もちろん邸を購入できたのは孝標の経済力あってのことでしょうが、仮にも上皇が住んでいた邸。しかも隣は前の天皇の御娘である皇女様が住んでいるのです。誰にでも簡単に住まわせる事が出来る訳ではありません。やはりこういう邸を手に入れるには人物的信頼とそれなりにつてが必要でした。


この頃、国司によっては自らの利益のために領民から容赦なく搾取する人も多かったらしく、それによって地方には様々な問題も起っていました。この八年後には上総、下総、安房の国で「長元の乱(平忠常の乱)」も起っています。孝標が国司を務めていた頃には朝廷の政治はかなり儀礼化が進み、なおざりにされた地方は問題を抱えて荒れだしていた事でしょう。そんな中で問題無く、つつがなく国を納めていたのですから、孝標の国司としての実力はなかなかのものだったのかもしれません。そう言う実務家で行成という四納言に数えられる人物とも繋がりがある孝標の妻が「三条の宮」に信頼されている親族を通して声をかけたからこそ、こういう由緒ある邸を一家は手に入れられたのでしょう。

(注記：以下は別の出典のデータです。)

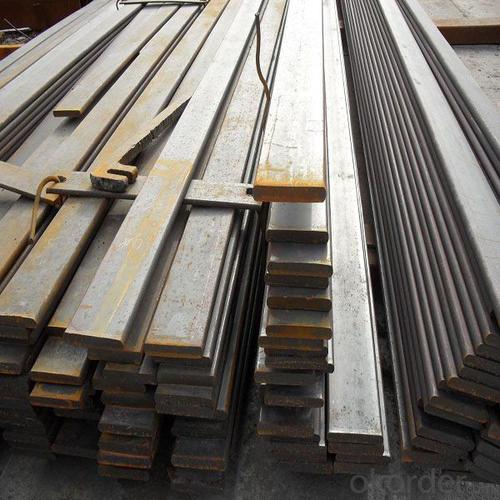 Spring Steel Flat Bar ASTM  Standard China Supplier System 1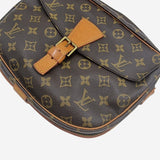 MONOGRAM CANVAS JEUNE FILLE GM taske fra brand: LOUIS VUITTON - We Do Vintage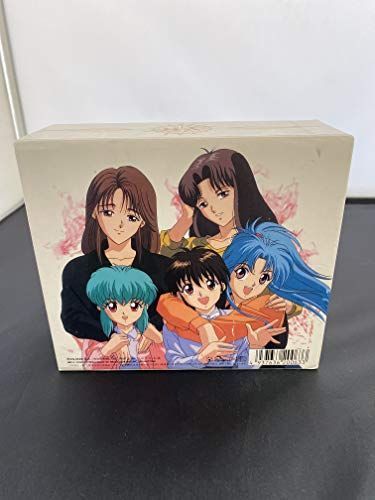 【】幽☆遊☆白書メモリアルCD BOX *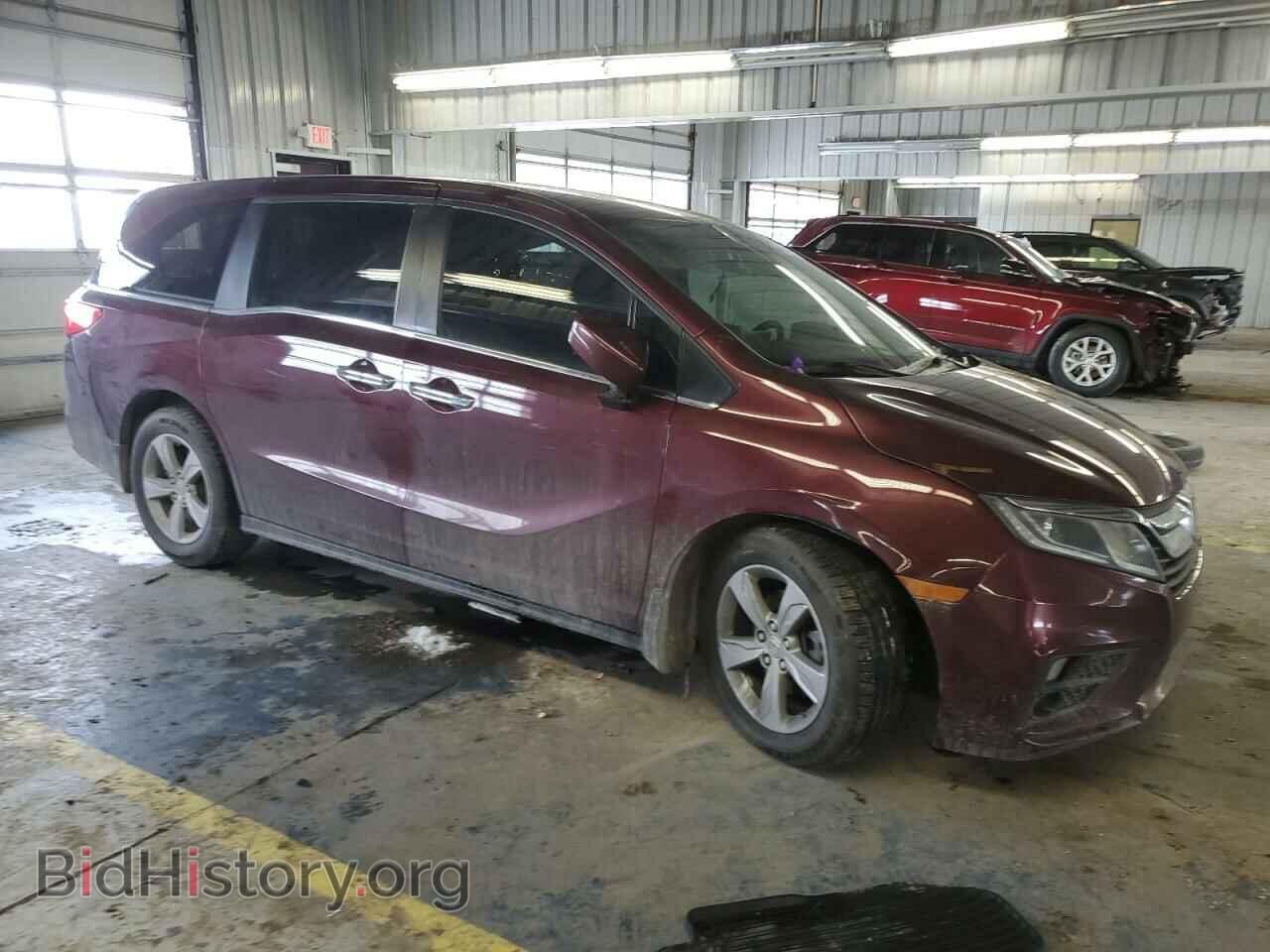 2018 HONDA All Models - VIN: 5FNRL6H70JB096587 - Фото 4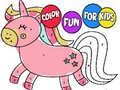 Spiel Farbenfreude für Kinder Online Spiel Farbenfreude für Kinder Online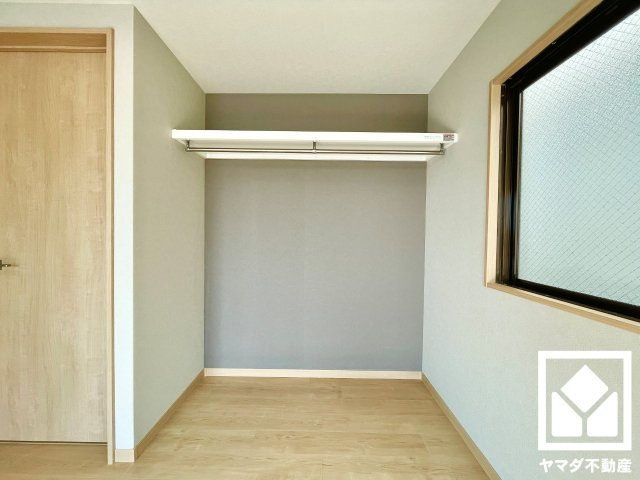 宇治市五ケ庄福角の収納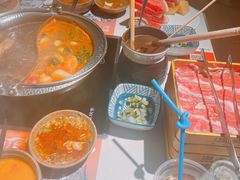 -温禾牛·和牛寿喜烧自助火锅(恒基名人店)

「衛門の命婦」という人も主人の「三条の宮(脩子内親王)」に信頼された人のようです。信頼する命婦がこの一家の人柄を保証したからこそ、孝標一家が隣に住むことを許したのでしょうし、普段から気軽に自分の使っていた物や、読み終えた物語を与えたりしていたのでしょう。作者の実母もこの人を相当頼りにしていたのでしょうね。

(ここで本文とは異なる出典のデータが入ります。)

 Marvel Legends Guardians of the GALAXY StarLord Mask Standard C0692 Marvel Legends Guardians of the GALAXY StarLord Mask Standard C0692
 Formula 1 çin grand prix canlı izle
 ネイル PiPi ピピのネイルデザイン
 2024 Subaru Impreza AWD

菅原孝標という人物は記録が少ない事もあり、「更級日記の作者の父」としては有名でも本人は文才に恵まれなかった凡庸な人物と書かれることが多いようです。実際人に笑われる事もしてしまっていますし、私が描いている「こけら」のような実務に長けた執事がついていたのかもしれません。しかしこの邸を手に入れていることといい、本来なら「雲の上人」と言えるほど身分に開きがある行成と親しかったとされることから、文才はともかくとして、実務的にはかなり有能な側面もあったのではないかと近年は指摘されています。先祖に「菅原道真」を持ち、実の娘が「更級日記」の作者であったことから極端に「文才」の側面から人物像を計られてしまったのかもしれません。